Abstract

Reconstructing large-scale scenes using Neural Radiance Fields (NeRFs) is a research hotspot in 3D computer vision. Existing MLP (multi-layer perception)-based methods often suffer from issues of underfitting and a lack of fine details in rendering large-scale scenes. Popular solutions are to divide the scene into small areas for separate modeling or to increase the layer scale of the MLP network. However, the subsequent problem is that the training cost increases. Moreover, reconstructing large scenes, unlike object-scale reconstruction, involves a geometrically considerable increase in the quantity of view data if the prior information of the scene is not effectively utilized.

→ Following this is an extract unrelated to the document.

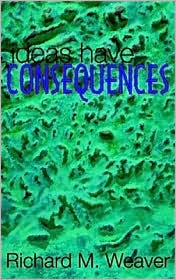 Ideas Have Consequences by Richard M. Weaver: CD Audiobook Cover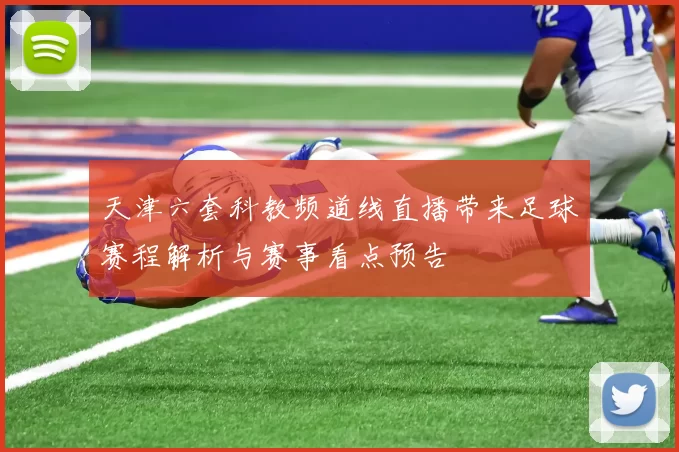 天津六套科教频道线直播带来足球赛程解析与赛事看点预告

In this paper, we propose an innovative method named MM-NeRF, which integrates efficient hybrid features into the NeRF framework to enhance the reconstruction of large-scale scenes. We propose employing a dual-branch feature capture structure, comprising a multi-resolution 3D hash grid feature branch and a multi-view 2D prior feature branch. The 3D hash grid feature models geometric details, while the 2D prior feature supplements local texture information. Our experimental results show that such integration is sufficient to render realistic novel views with fine details, forming a more accurate geometric representation. Compared with representative methods in the field, our method significantly improves the PSNR (Peak Signal-to-Noise Ratio) by approximately 5%. This remarkable progress underscores the outstanding contribution of our method in the field of large-scene radiance field reconstruction.